The last of Elena Kagan’s documents from the Clinton presidential library were released on Friday; a batch of Pentagon documents relating to on-campus military recruiting during her time as dean of Harvard Law School came out on Saturday.  One week before the Kagan confirmation hearings begin, the Supreme Court press corps sketched the personality revealed in approximately 11,000 email messages (and noted the occasional expletive), but there were no revelations that would seem likely to alter the course of the nomination.  In the New York Times, Adam Liptak and Sheryl Gay Stolberg report that the email messages, though “mostly short and bland” nonetheless “offered glimpses of a savvy, sharp-elbowed and sometimes salty-tongued lawyer at ease with politics, policy and bureaucratic infighting.”  For Politico, Josh Gerstein writes that Kagan seemed “to relish a good policy fight, had little patience for those who were unprepared for meetings, and took a jaundiced view of feel-good actions that weren’t likely to produce results.”

Amy Goldstein of the Washington Post describes Kagan’s e-mails, which “include stern admonitions on an array of issues, including religious freedom, fingerprinting Americans on welfare, affirmative action and school testing.
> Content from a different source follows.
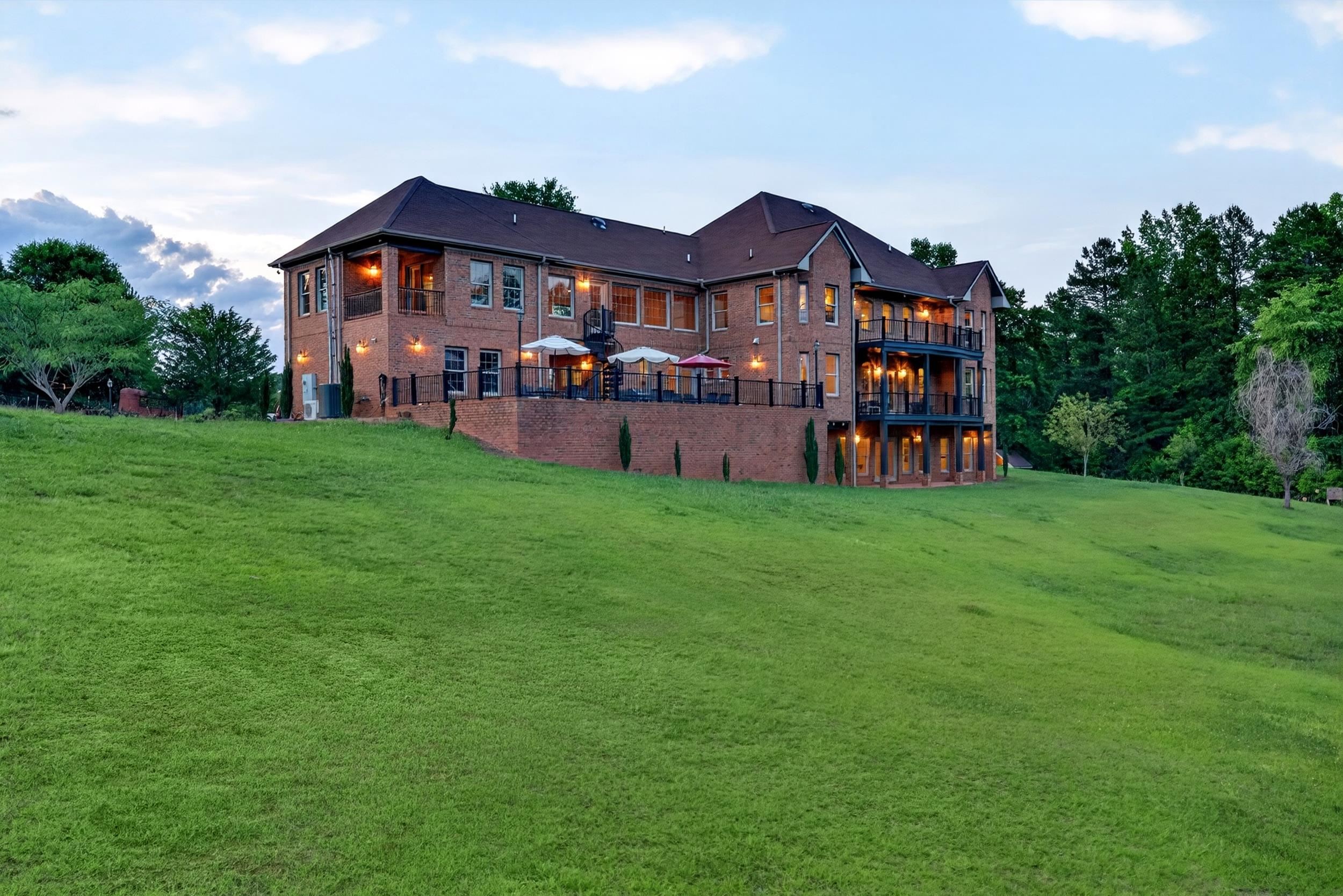 502 Hickory Hollow Road Inman, SC 29349 - Photo 42 of 50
At times, she was openly sarcastic to — or critical of — her White House colleagues.”  In the Los Angeles Times, James Oliphant plays down the drama, writing that the emails portray Kagan as “more administrator than provocateur.”  Bill Mears summarizes for CNN: “About 11,000 e-mails from Kagan reveal an engaged, efficient — but often outspoken and cynical — lawyer and policy analyst.”  Laura Litvan and Greg Stohr of Bloomberg also report on the new documents, as does Jess Bravin of the Wall Street Journal.

Julie Hirschfield Davis of the Associated Press (via the Kansas City Star) concludes that the final installment of documents “have left President Barack Obama’s Supreme Court nominee relatively unscathed and important details about her still a mystery heading into confirmation hearings for a lifetime job as a justice.”  Others continue to fill in biographical details from the more distant past.  In the New York Times, Lisa Foderaro and Christine Haughney have a lengthy profile of the Kagan family, which they describe as “a New York family whose intellectual dynamism and embrace of liberal causes provide a window onto the social milieu and culture that shaped” the nominee.  In the Philadelphia Inquirer, columnist Dick Polman compares Elena Kagan to Chauncey Gardiner, the protagonist of Being There, who becomes politically influential through adherence to inscrutable platitudes.

Former President Bill Clinton gave an interview about his former aide to Carl Hulse of the New York Times.  He described her as “unfailingly meticulous in trying to determine what the law actually is and what the facts actually were.”  In his view, “she is really sort of a common-sense progressive.   I think she has good liberal values, but she is also immensely practical, and I think she will be fair to both parties.”

In the Washington Post, Amy Goldstein reports that documents newly released by the Pentagon “show for the first time that the decision to resume [military recruiting coordinated through the law school’s career services office] was not primarily hers.”  Instead, “the controversy was resolved by Harvard’s president with little apparent input from Kagan.”  Bill Mears of CNN and Mike Allen of Politico also report on the Pentagon documents.

In the National Review Online, Robert VerBruggen notes that Kagan inquired into whether a 1996 bill to protect volunteers at nonprofit organizations from tort liability would apply to the National Rifle Association or the Klu Klux Klan.  Greg Sargent of the Washington Post has the White House response: Kagan was not comparing the two organizations, but rather separately concerned about the bill’s potential to limit the recovery of victims of gun violence on the one hand, and to shield hate groups on the other.

Finally, Sen. Mitch McConnell appeared on Fox News Sunday to discuss the Kagan nomination (transcript here).  McConnell left open the possibility that Republicans would filibuster Kagan, saying that “it is possible, but entirely too early to know whether that would be appropriate.”  Carol Lee of Politico and the Associated Press (via CBS News) report on Sen. McConnell’s comments.

Briefly:

  • On the Wall Street Journal’s Law Blog, Jess Bravin notes Sen. Al Franken’s recent address to the national convention of the American Constitution Society.  Sen. Franken criticized the Roberts Court, in a preview of themes that will be repeated during the Kagan hearings.
  • Clifford Marks (also of the Wall Street Journal Law Blog) reports on an amicus brief filed by the American Bar Association, in which the ABA “urg[es] the U.S. Supreme Court to hear a case about whether the level of judicial pay violates a constitutional guarantee to undiminished compensation for judges.”
  • Reporting on congressional efforts to lift $75 million cap on liability resulting from the Gulf oil spill, Michael Kirkland of UPI considers whether such efforts, if successful, could survive a constitutional challenge; he concludes that the answer “would depend on how a majority of justices view the nature of the fund.”
  • At PrawfsBlawg, Rick Hills analyzes the implications of last week’s decision in Stop the Beach Renourishment, Inc. v. Florida Department of Environmental Protection.